**Your assignment:** Word for word, copy the line that contains "App Lock - Pattern Lock app Logo" and each line after it in the data below. Pictures stay out of the copy.

**Recorded data:**
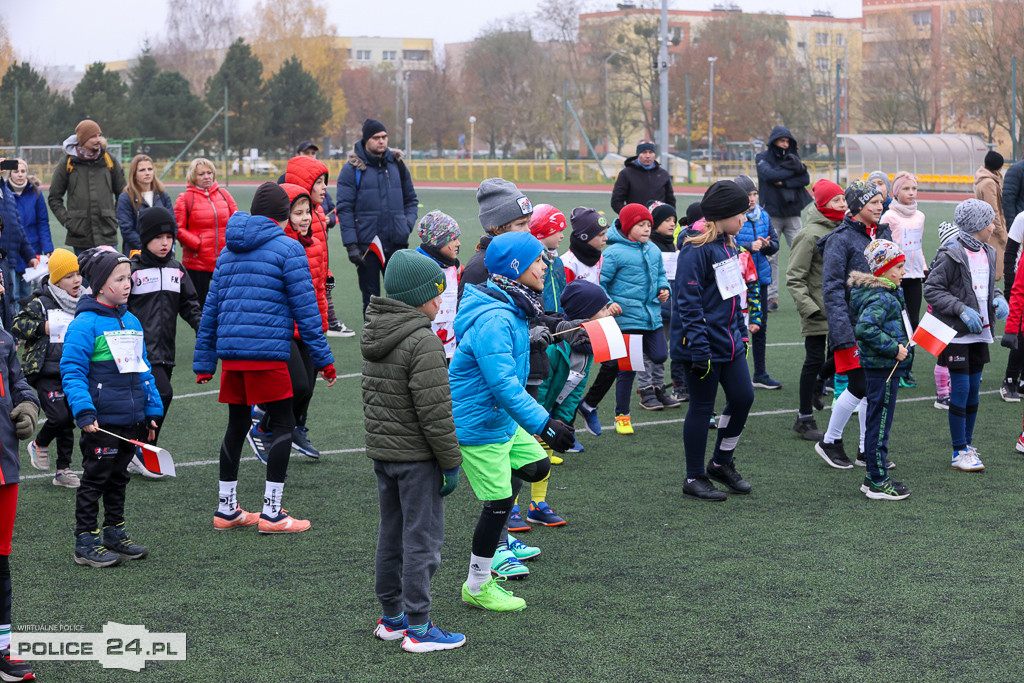 IV Mityng Rubinowej Ligi Lekkoatletycznej – Mityng Niepodległości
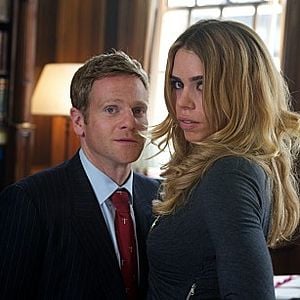 Fotoğraf Secret Diary of a Call Girl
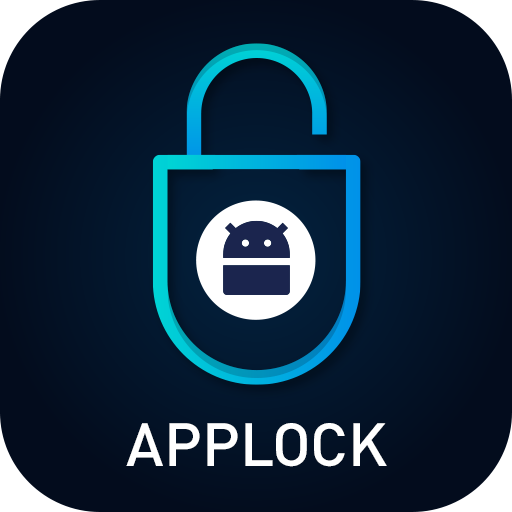 App Lock - Pattern Lock app Logo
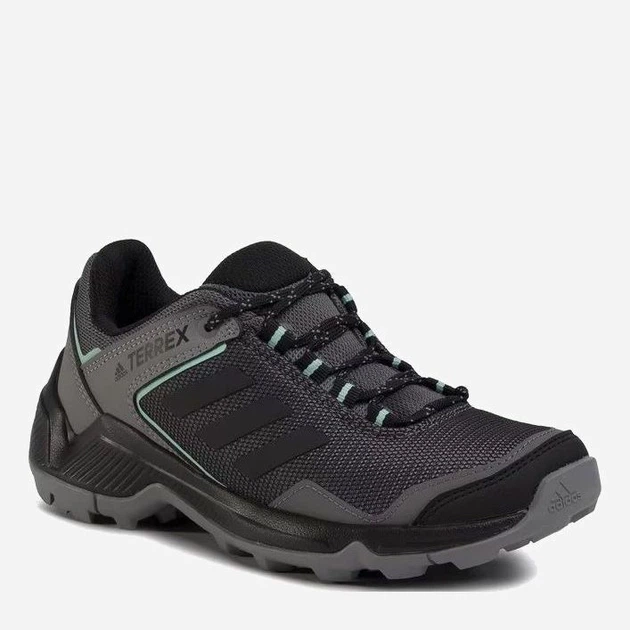 Женские кроссовки для треккинга Adidas Terrex Eastrail W EE6566 40 (6.5 UK)  25 см Grefou/Cblack/Clemin (4061616848451) – Оригинальная обувь | ROZETKA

**Finished exercise:**
 App Lock - Pattern Lock app Logo
 Женские кроссовки для треккинга Adidas Terrex Eastrail W EE6566 40 (6.5 UK)  25 см Grefou/Cblack/Clemin (4061616848451) – Оригинальная обувь | ROZETKA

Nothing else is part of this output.